I hold in my hands a bible called "The King James Study Bible" and on one of the pages it says that it was previously published as "The Liberty Annotated Study Bible". I just bought it off the shelves last year, though I think it was printed in 1988, meaning that it had been untouched for 2 decades. I don't see anyone named Radmacher on the editors page though, and there are many copies of it Down Under and in Singapore. I do love this study bible and it's been serving myself and many of my fellow brethren very well. Then again, we're "(reformed) fundy KJVonlies" Okay, sorry for detracting. By the way, aren't MacArthur's notes also available individually? I'll be interested.


----------



## Pilgrim (Feb 3, 2011)

Jason,

Sorry for my long winded post. It seems to have caused some confusion since what you post here is basically what I posted.  

The _*New *_King James Study Bible (NKJV) formerly the Nelson Study Bible is the one edited by Radmacher et al. I think it was first published in the early-mid 1990's and is only available in the NKJV. 

The King James Study Bible, the one you have, was edited by Jerry Falwell and other members of the Liberty faculty at that time. It was copyright 1988, but if the one you have is entitled _The King James Study Bible_ it was printed some time after that, probably some time in the 90's at the earliest. (Christian Book Distributors has 1998.) The one I have was purchased brand new recently but has no more copyright or other dates other than 1988. 

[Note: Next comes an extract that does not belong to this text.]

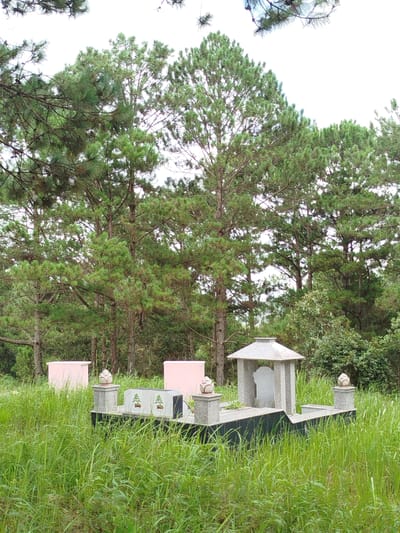 In a cemetery in Tuý Sơn, Vietnam, two pink rectangular structures stand to the left of a tomb. The tomb features a grey stone base with a black granite border. A central upright grey stone has a white, possibly marble, effigy or marker. A grey, pagoda-like canopy covers the effigy. Two smaller grey stone posts flank the tomb, each topped with a decorative finial resembling a lotus bud. To the left of the tomb, a grey stone marker with two decorative green trees painted on it is visible. The entire scene is surrounded by tall, green grass and set against a backdrop of tall pine trees under an overcast sky.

I don't have it, but I understand the one volume MacArthur Bible Commentary published by Nelson is based on the Study Bible and includes some additional commentary and other material. So that may be a better choice for someone who wants the notes but doesn't want yet another Study Bible. The first review on Amazon by Pastor Paul Lamey is very helpful in describing the differences between the Bible and commentary.


----------



## Wannabee (Feb 3, 2011)

Thanks Chris. Good info.

As one who was a somewhat rabid KJVO fundamentalist, I can assure you that Scofield never entered my argumentation. Interestingly, though I came from such a background, I've never owned a Scofield Bible. While I know that the KJVO crowd tends toward dispensationalism, there is no monopoly there. For me, it was ALL about text type. Part of the error was considering the TR to be MT. It's a common presumption based on dogmatic assertions by many within the... er... movement. I still hold that the MT is more accurate. But the TR is not the MT.

Not to derail an informative thread - yes, the notes are available in the MacArthur Bible Commentary. It's a good option.


----------